Example of a 64-year-old male patient with mucoepidermoid carcinoma of the left parotid gland receiving FAPI-PET CT and radiation treatment. a, b MIP and CT-fused FAPI-PET images showing precise tracer uptake by the parotid carcinoma and very low background noise. c, d Conventional CE-CT and CE-MR imaging showing diffuse tumour infiltration making differentiation between tumour and healthy tissue enormously difficult and subjective. Abbreviations: CE, contrast enhanced; FAPI-PET, 68Ga-fibroblast activation protein inhibitor PET-CT

Fig. 2
figure 2

Biodistribution analysis of 68Ga-FAPI PET-CT in whole body imaging with maximum and mean standard uptake values (SUVmax/mean) of the tumour, metastases and healthy tissues. Prominently high SUVs in tumorous lesions as compared with healthy tissues are seen

The highest activity concentration was measured in the primary tumour (SUVmax 14.62 ± 4.44; SUVmean 7.41 ± 2.39), followed by lymph node metastases (SUVmax 9.42 ± 5.72; SUVmean 5.08 ± 2.12) and bone metastases (SUVmax 7.51 ± 1.75; SUVmean 4.1 ± 0.9). Compared with the primary tumour and the locoregional lymph node metastases, considerably low background uptake was measured in the head and neck region, namely the brain (SUVmax 0.30 ± 0.22; SUVmean 0.06 ± 0.03), oral mucosa (SUVmax 2.57 ± 1.00; SUVmean 1.55 ± 0.55), muscles (SUVmax 1.76 ± 0.6; SUVmean 1.09 ± 0.39) and salivary glands (SUVmax 1.76 ± 0.31; SUVmean 1.23 ± 0.28).

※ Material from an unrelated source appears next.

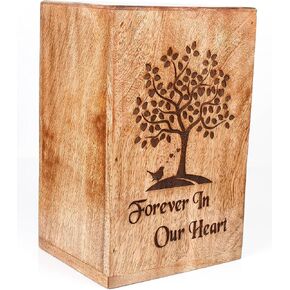 صندوق جرة شجرة الحياة الخشبية للرماد البشري، صندوق جرار جنازة حرق الجثث، الجرار التذكارية للحيوانات الأليفة، الجرة المزخرفة، الجرة الرضيعة للبالغين، صندوق رماد الدفن التذكاري | 9 × 6 × 5 بوصة in Kuwait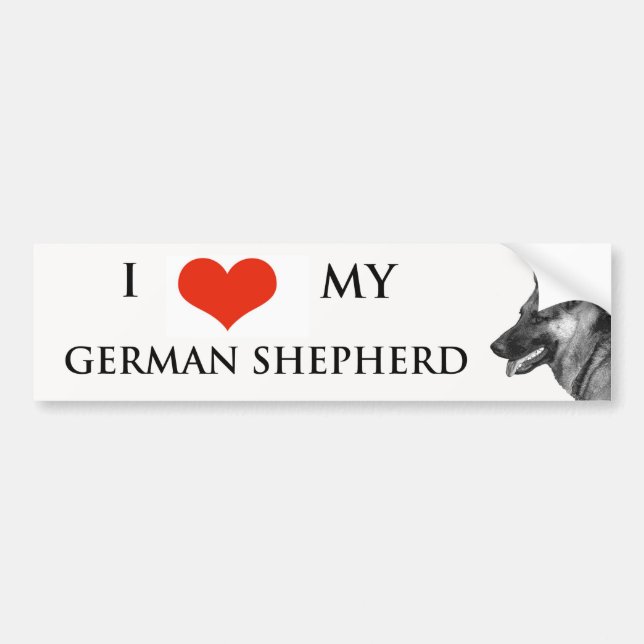I KÄRLEK MY TYMAN SHEPHERD BUMPER STICKER BILDEKAL (Framsidan)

Automated target volume delineation

These findings were directly translated into radiation treatment planning for tumour volume delineation (an examplary RT plan is shown in Fig. 3). Conventional CT-GTVs showed a median volume of 27.3 ml (range 9.1–266.5 ml). On the other hand, contouring with 68Ga-FAPI PET-CT resulted in significantly different GTVs in all SUV thresholds of FAPI × 3: 67.7 ml (p = 0.013, range 6.0–292.7); FAPI × 5: 22.1 ml (p = 0.042, range 0.9–215.5); FAPI × 7: 7.6 ml (p = 0.0001, range 0.0–168.9); and FAPI ×10: 2.3 ml (p = 0.0001, 0.0–105.3) (see also Fig. 4).

Fig. 3
figure 3

Radiation treatment plan of the patient presented in Fig. 1 with: a axial, b coronal and c sagittal dose distribution and the d dose-volume histogram. After partial resection of the tumour, the patient received IMRT with photons with a total dose of 50 Gy in 25 fractions, followed by a carbon-ion boost on the GTV with a total dose of 24 Gy (RBE) in 8 fractions. Abbreviations: MIP, maximum intensity projection; Gy, Gray; IMRT, intensity-modulated radiotherapy; RBE, relative biological effectiveness

Fig. 4
figure 4

a Comparison of GTVs based on CE-CT/MRI and FAPI with four different thresholds in relation to uptake in the healthy tissue. Throughout, significantly different FAPI-based GTVs are seen. b CT-GTVs fused with FAPI-GTVs showing significant increase in volumes with FAPI × 3 and × 5 as compared with CE-CT. *Significant. Abbreviations: GTV, gross tumour volume; CT-GTV, GTV based on CT/MRI; FAPI-GTV, GTV based on 68Ga-FAPI PET-CT

Comparison of FAPI-GTVS and CT-GTVs and CT-PTVs

Taking these significant disparities between CT-GTVs and FAPI-GTVs into consideration, we merged FAPI-GTVs with CT-GTVs. This resulted in median volumes that were, as compared with CT-GTVs, significantly larger with FAPI × 3 (+ 54.7 ml, + 200.5% relative increase, p = 0.0005) and FAPI × 5 (+ 15.0 ml, + 54.9%, p = 0.012) (Fig. 4).

In a next step, to see whether FAPI-GTVs were included in the radiation treatment plan or not, we added them to CE-CT-based planning target volumes (CT-PTVs). Several patients showed FAPI-avid primary tumour regions that were not covered by CT-PTV but were a part of the FAPI-GTV.

Discussion

We achieved high-contrast images with 68Ga-FAPI PET-CT due to very specific and high tracer uptake in tumours and low background noise. Especially in the refine head and neck area we saw very low uptake in healthy parenchyma adjacent to the tumour, including in the brain, oral/laryngeal mucosa, salivary glands (e.g. parotid gland) and muscles (Figs. 1 and 3). In addition, in the context of peritumoural inflammation or status post-resection or biopsy, no false-positive uptake was seen adjacent to the tumours. Hence, we could emphasise current discoveries about the high sensitivity and specificity of FAPI-PET [8, 9].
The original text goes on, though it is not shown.